> [What the task asks] Exact transcription of the data below is required, without the images.

> [Raw data]
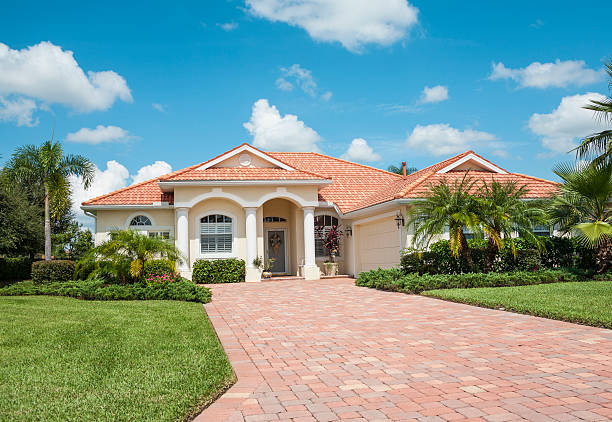 Best Local Driveway Pavers  in Tukwila, WA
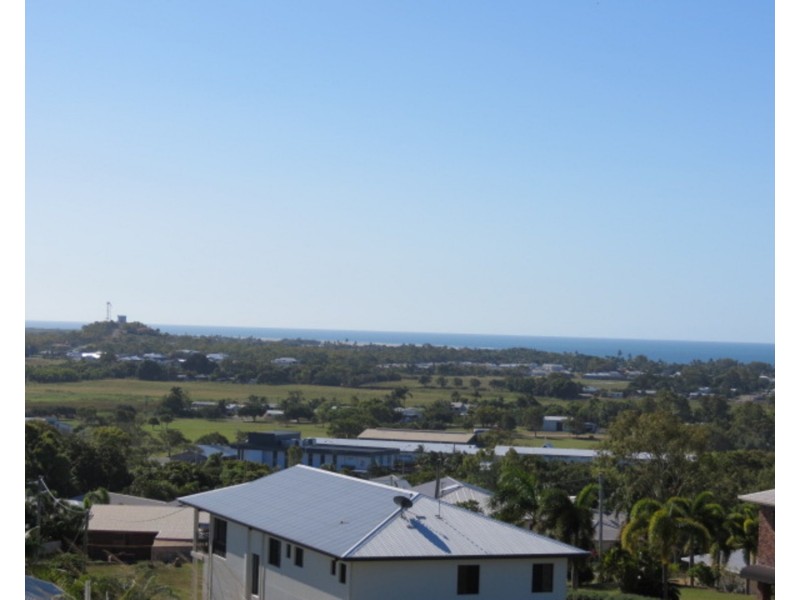 32 Tynwald Avenue, Bowen QLD 4805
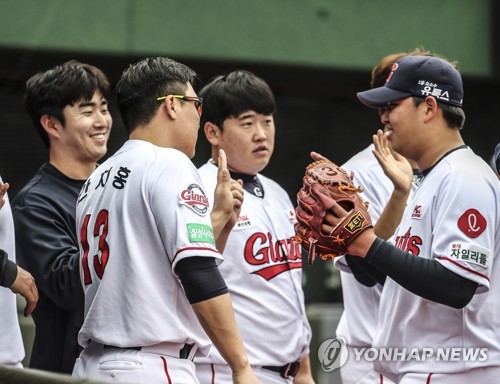 '서준원 인생투' 롯데, 키움 2-0으로 제압하고 '위닝시리즈'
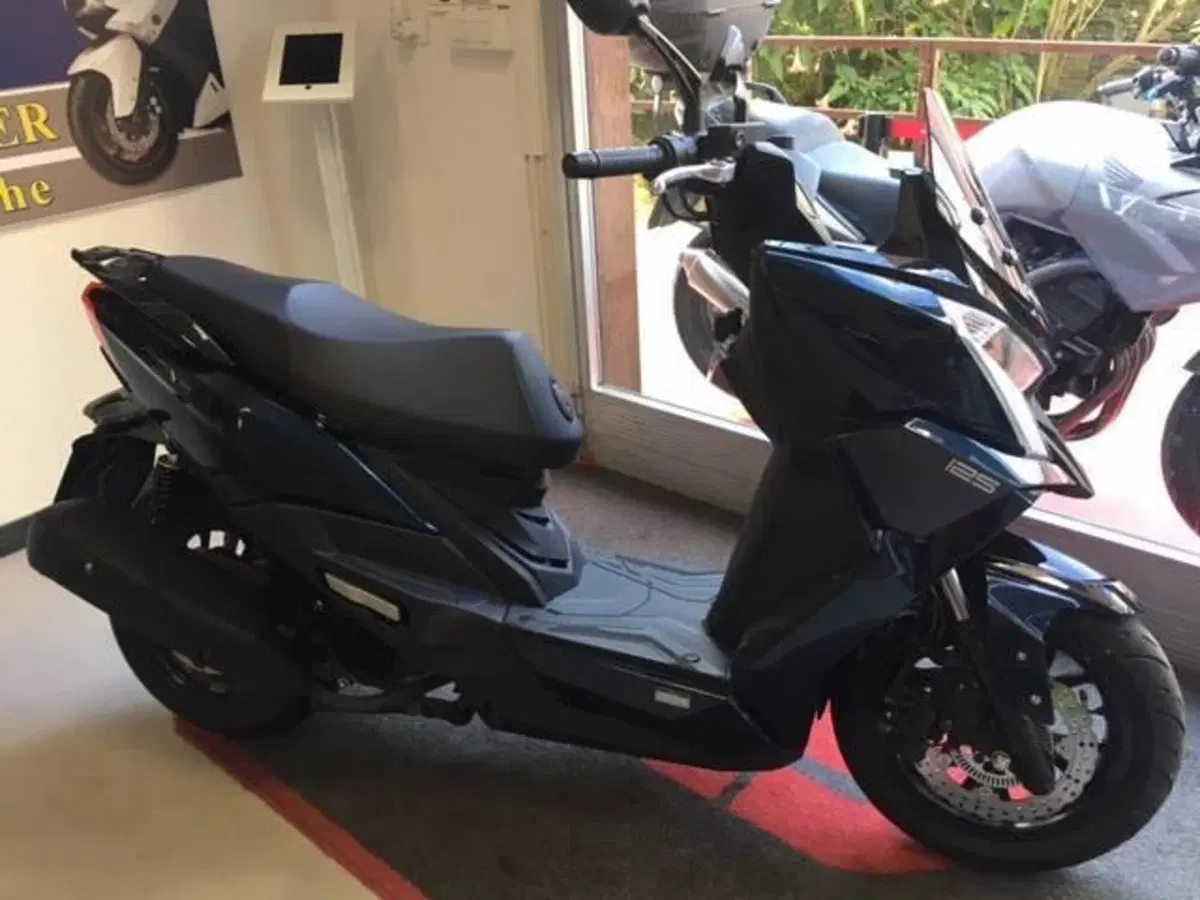 Kymco Dink 125 Flat (2023 - 26) (2)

> [The answer]
 Best Local Driveway Pavers  in Tukwila, WA
 32 Tynwald Avenue, Bowen QLD 4805
 '서준원 인생투' 롯데, 키움 2-0으로 제압하고 '위닝시리즈'
 Kymco Dink 125 Flat (2023 - 26) (2)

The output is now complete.